Sono in molti a essere d’accordo. Ieri il premier Papademos, annunciando il piano al Parlamento, ha ammesso che la Grecia soffrirà, ma riuscirà a non autodistruggersi e a rimanere in Eurozona. Quasi nessuno gli crede. La maggioranza dei cittadini ritiene che il piano sia destinato al fallimento. I tagli abbasseranno ancora i redditi e innalzeranno il tasso di disoccupazione, salito al 20% secondo le stime ufficiali, che parlano di un milione di disoccupati (1,5 milioni secondo le stime non ufficiali). A questo punto, il default è un’opzione?
Tranne la coalizione di Governo, i partiti d’opposizione rispondono affermativamente: «Il default è meglio dell’austerity. Non vi preoccupate, non possono farci uscire a calci dall’Europa», è il loro pensiero. Poi ci sono le istanze del partito comunista, che spinge per un’uscita immediata dall’Europa e per l’abbandono della moneta unica. Sicuramente il popolo greco preferisce continuare a essere parte dell’Europa, ma più le condizioni di vita diventano difficili più i cittadini accarezzano l’idea di un ritorno alla dracma, senza però essere consapevoli di quale sia il reale significato di una mossa simile. «La vita è già dura con l’euro, quanto potrebbe peggiorare con la dracma?», è la domanda che si pongono quotidianamente.

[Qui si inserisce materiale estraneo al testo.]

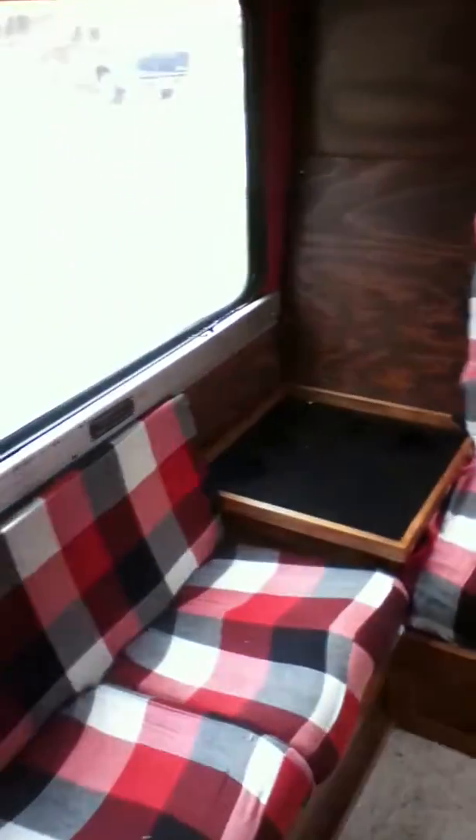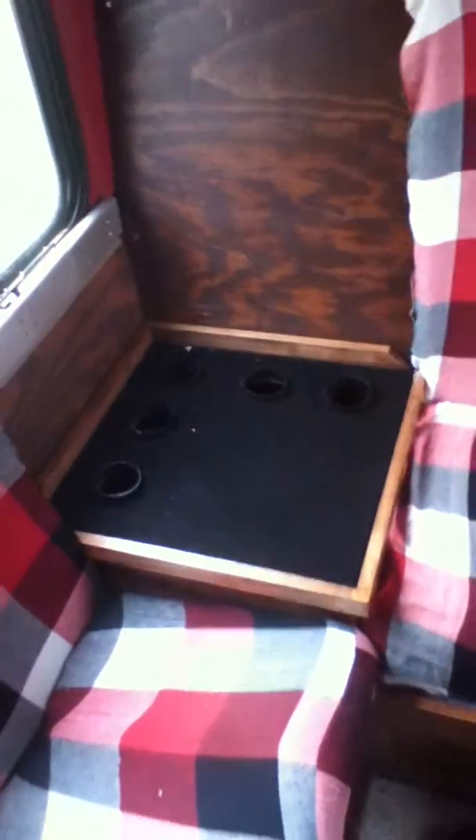This is our back lounge. As you can see, a couple of benches and stuff. Still working on the upholstery. We've got this little stand here — putting stuff in it, drink holders and whatever — and the little entertainment center.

Purtroppo, all’orizzonte non c’è altra via che non sia aderire alle riforme che la Troika ci ha chiesto. Le riforme sono necessarie, e la Grecia avrebbe dovuto portarle a termine molti anni fa. Il Paese ha sicuramente bisogno di più tempo, ma anche di una prospettiva. In fin dei conti, negli ultimi anni Atene ha tagliato il suo deficit del 5 per cento. La vera domanda, allora, è: quanto tempo rimane alla Grecia? E quanto all’Europa? E soprattutto: quanto tempo vogliono concederci ancora?